• [EXERCISE OBJECTIVE]
Output only the lines below that start at the line containing "HiltonWaikaloa_020514_7_18x58_3d" and end at the line containing "Apakah Jenius Dilahirkan", with both ends kept.

>>>

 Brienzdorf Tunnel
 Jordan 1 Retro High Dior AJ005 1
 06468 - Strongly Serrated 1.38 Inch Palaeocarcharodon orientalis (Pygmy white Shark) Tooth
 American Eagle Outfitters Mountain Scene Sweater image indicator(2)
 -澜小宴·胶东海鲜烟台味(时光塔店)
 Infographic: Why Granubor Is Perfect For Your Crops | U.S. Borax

<<<
>>>

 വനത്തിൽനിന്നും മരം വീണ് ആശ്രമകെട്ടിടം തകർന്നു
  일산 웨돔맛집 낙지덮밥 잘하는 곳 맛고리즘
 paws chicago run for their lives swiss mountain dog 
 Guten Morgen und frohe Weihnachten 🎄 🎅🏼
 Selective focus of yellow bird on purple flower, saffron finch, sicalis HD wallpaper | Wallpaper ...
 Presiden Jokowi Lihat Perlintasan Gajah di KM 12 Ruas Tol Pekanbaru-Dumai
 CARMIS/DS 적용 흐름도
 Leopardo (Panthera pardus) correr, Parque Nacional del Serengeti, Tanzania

<<<
>>>

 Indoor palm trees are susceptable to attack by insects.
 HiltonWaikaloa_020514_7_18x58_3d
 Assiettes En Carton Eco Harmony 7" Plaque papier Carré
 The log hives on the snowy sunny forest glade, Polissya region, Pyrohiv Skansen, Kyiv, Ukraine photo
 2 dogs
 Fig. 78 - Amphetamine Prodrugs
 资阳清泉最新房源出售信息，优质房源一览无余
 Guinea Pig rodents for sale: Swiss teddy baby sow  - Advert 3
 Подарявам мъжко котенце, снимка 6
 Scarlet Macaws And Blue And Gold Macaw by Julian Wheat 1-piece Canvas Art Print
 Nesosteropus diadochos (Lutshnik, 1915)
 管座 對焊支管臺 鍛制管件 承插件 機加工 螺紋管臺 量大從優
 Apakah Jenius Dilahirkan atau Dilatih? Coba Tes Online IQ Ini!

<<<

• [RESPONSE TO THE TASK]
 HiltonWaikaloa_020514_7_18x58_3d
 Assiettes En Carton Eco Harmony 7" Plaque papier Carré
 The log hives on the snowy sunny forest glade, Polissya region, Pyrohiv Skansen, Kyiv, Ukraine photo
 2 dogs
 Fig. 78 - Amphetamine Prodrugs
 资阳清泉最新房源出售信息，优质房源一览无余
 Guinea Pig rodents for sale: Swiss teddy baby sow  - Advert 3
 Подарявам мъжко котенце, снимка 6
 Scarlet Macaws And Blue And Gold Macaw by Julian Wheat 1-piece Canvas Art Print
 Nesosteropus diadochos (Lutshnik, 1915)
 管座 對焊支管臺 鍛制管件 承插件 機加工 螺紋管臺 量大從優
 Apakah Jenius Dilahirkan atau Dilatih? Coba Tes Online IQ Ini!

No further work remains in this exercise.